Post accident analysis, however, appears to indicate that this did not happen. The pieces found indicate that the assembly process for the central rod had already progressed to the point where the only thing left to do was to lower the rod back into its fully scrammed position.
As unlikely as it might seem to present day nuclear plant operators, SL-1 was being operated even though it was known to have significant problems with sticking rods. A review of the operating logs showed that the rods had exhibited stickiness more than 80 times (about 2 per cent of the times that movements had been attempted) and that they had failed to fall freely during a scram 46 times.
The difficulties seem to have been increasing, with more than 30 occasions of rod sticking during November and December of 1960, the last operational period before the accident occurred. Plans were underway for a core replacement, but in the meantime a temporary fix had been implemented. Here is an entry from the night order book (a set of instructions to operators from the plant superintendent) of December 20, 1960.
“Each shift will perform a complete rod travel exercise at approx. 4 hours after the start of each shift. This rod exercising will be required of each shift until further notice.”
On December 22, a calibration power run was conducted and the night orders instructed operators not to perform the rod exercise evolution during the run. On December 23 the reactor was shut down for the Christmas shutdown.
Rods were dropped into the core to conduct the shutdown and the drop times were recorded in the engineering log. Of the five rods, three of them stuck during the shutdown and had to be driven into the core by the rod drive mechanisms.
The operators on duty on January 3, 1961 would have been well aware of these problems and could have decided to move the rods manually while they were working on them for other reasons.
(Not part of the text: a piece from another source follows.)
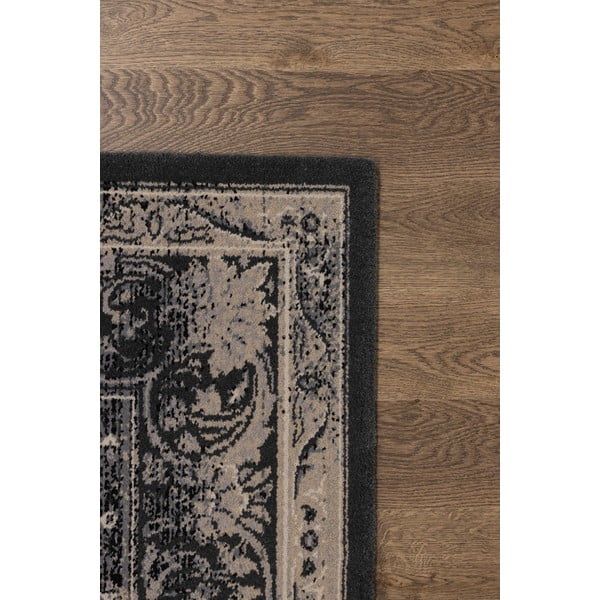 Tumši pelēks vilnas paklājs 100x180 cm Zana – Agnella-image-3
They might have been especially concerned about sticking since the rods had not been exercised for almost two weeks during the shutdown period.
Though present day nuclear plant operators would not consider taking independent action in such a circumstance, things were different during an era when three military technicians, one of whom was a trainee, would be assigned the job of reattaching reactor control rods during a back shift when no one else was on the reactor site.
It appears likely that the reason the central rod of the SL-1 was lifted about 50 cm on the night of January 3, 1961 was that a group of conscientious technicians had decided that exercising the rods might prevent any problems with sticking during the next reactor start-up. They did not forsee the deadly consequences of their action.